NaTHNaC | Tetanus Information Sheet, Health Professionals

Travel Health Information Sheets

June 2007

Tetanus

Introduction

Tetanus is an acute, vaccine-preventable disease caused by an exotoxin (tetanospasmin) produced by Clostridium tetani. C. tetani is a slender Gram positive anaerobic rod, which is heat sensitive and cannot survive in the presence of oxygen. It develops a terminal spore that is resistant to heat, antiseptics, phenol and other chemical agents. Tetanus occurs worldwide and tetanus spores are present in soil and the faeces of a number of animals [1].

Epidemiology

Global epidemiology

The organism that causes tetanus, Clostridium tetani is ubiquitous throughout the world. As the disease is acquired through environmental exposure, it is one of the few vaccine-preventable diseases that is infectious but not contagious from human-to-human. The incidence of tetanus in a country or region depends on vaccine coverage in both children and adults. In resource-rich countries, such as the UK, vaccine coverage is high [2] and the number of tetanus cases reported is very low. In resource-poor countries however, vaccine coverage is variable and the incidence tends to be higher.

The World Health Organization (WHO) reported 15,516 worldwide cases of tetanus in 2005, and an estimated 290,000 deaths between 2000 – 2003; most of these cases occurred in neonates [3, 4].

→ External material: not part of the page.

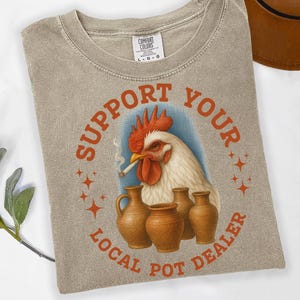 May include: Khaki-colored t-shirt with a graphic featuring a rooster smoking a cigarette, surrounded by the text "Support Your Local Pot Dealer." The design includes brown pottery and star accents. The shirt is a Comfort Colors brand.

Neonatal tetanus is an important problem in resource-poor countries where routine vaccination coverage may not be adequate and unclean procedures are practiced such as when the umbilical cord is cut after childbirth. The 1989 World Health Assembly set a goal to eliminate neonatal tetanus globally (definition of elimination being <1 cases per 1000 live births in each health district in every country) by 2000; this has not yet been achieved but progress has been made [5]. In 2003, there were 8,997 cases of neonatal tetanus reported to the WHO; 78% of those were reported from ten countries; four countries in sub-Saharan Africa (465 in Democratic Republic of the Congo, 353 in Chad, 316 in Uganda, 238 in Guinea), three in SE Asia (2,245 in China, 238 in Cambodia, 239 in the Philippines), and three in the Indian sub-continent (1,691 in India, 812 in Pakistan, 390 in Bangladesh) [6]. Since the elimination goal was set, the global number of cases reported has decreased for both neonatal cases and total tetanus cases, although the numbers must be interpreted with caution as there is great variability in reporting systems. For example, some countries such as China and Chad only report neonatal cases, and some countries are unable to submit any data for some years.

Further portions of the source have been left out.